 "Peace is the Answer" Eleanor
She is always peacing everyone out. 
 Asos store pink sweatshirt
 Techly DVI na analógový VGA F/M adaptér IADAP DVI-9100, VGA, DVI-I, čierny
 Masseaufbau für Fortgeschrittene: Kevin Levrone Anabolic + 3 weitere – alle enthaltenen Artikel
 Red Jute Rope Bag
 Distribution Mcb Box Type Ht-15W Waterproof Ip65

************

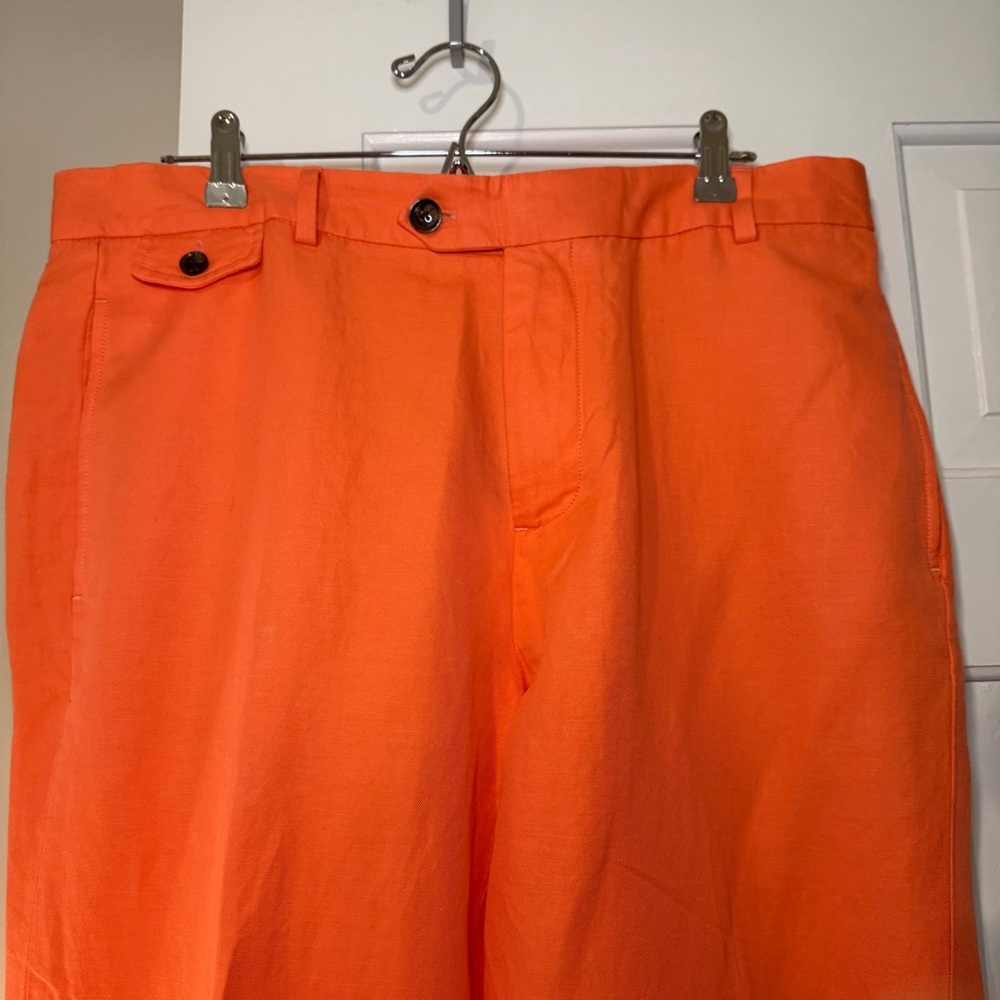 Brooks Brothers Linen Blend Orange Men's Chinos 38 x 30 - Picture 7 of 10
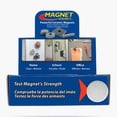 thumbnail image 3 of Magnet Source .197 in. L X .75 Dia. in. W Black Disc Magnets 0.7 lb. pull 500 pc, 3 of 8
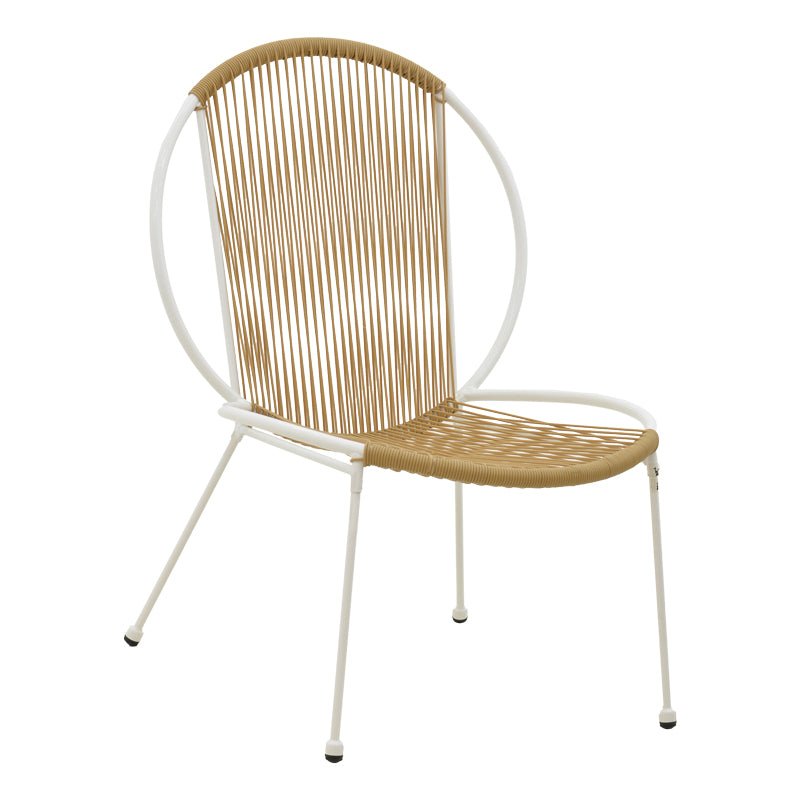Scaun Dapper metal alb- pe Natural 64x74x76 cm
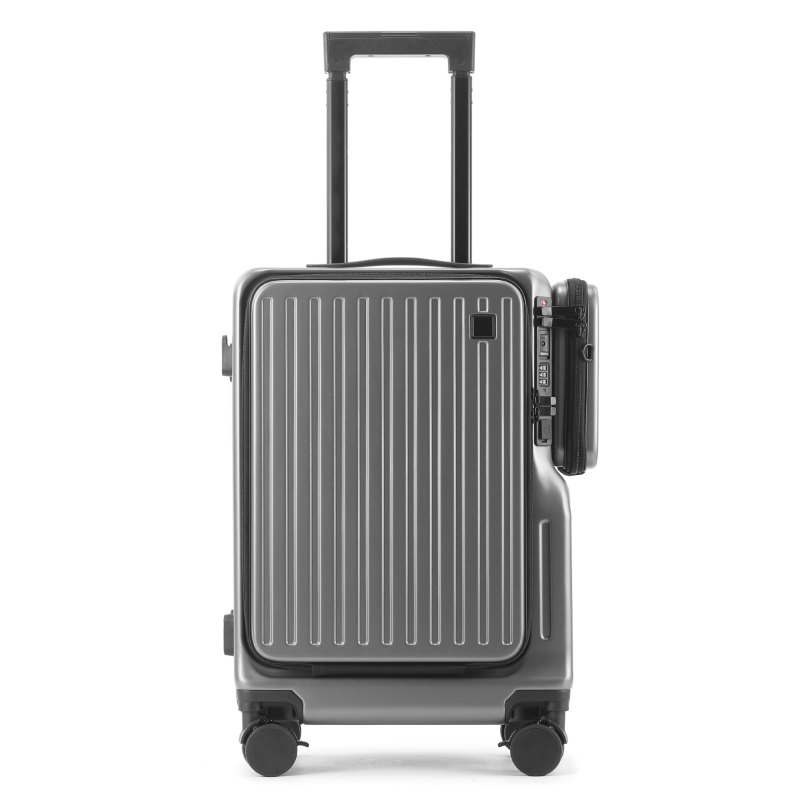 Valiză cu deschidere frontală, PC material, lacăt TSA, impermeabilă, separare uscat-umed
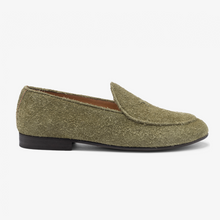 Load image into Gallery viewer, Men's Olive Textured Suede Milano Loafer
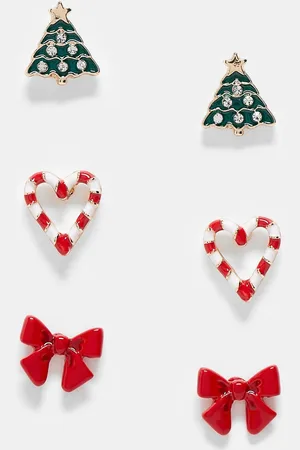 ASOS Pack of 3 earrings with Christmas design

************

PROBLEM TO WORK ON:
Though the entries above contain pictures, none should be copied; reproduce only the lines between the one holding "Scaun Dapper metal" and the one holding "ASOS Pack of", inclusive, exactly as written.

EXERCISE RESULT:
Scaun Dapper metal alb- pe Natural 64x74x76 cm
 Valiză cu deschidere frontală, PC material, lacăt TSA, impermeabilă, separare uscat-umed
 Load image into Gallery viewer, Men's Olive Textured Suede Milano Loafer
 ASOS Pack of 3 earrings with Christmas design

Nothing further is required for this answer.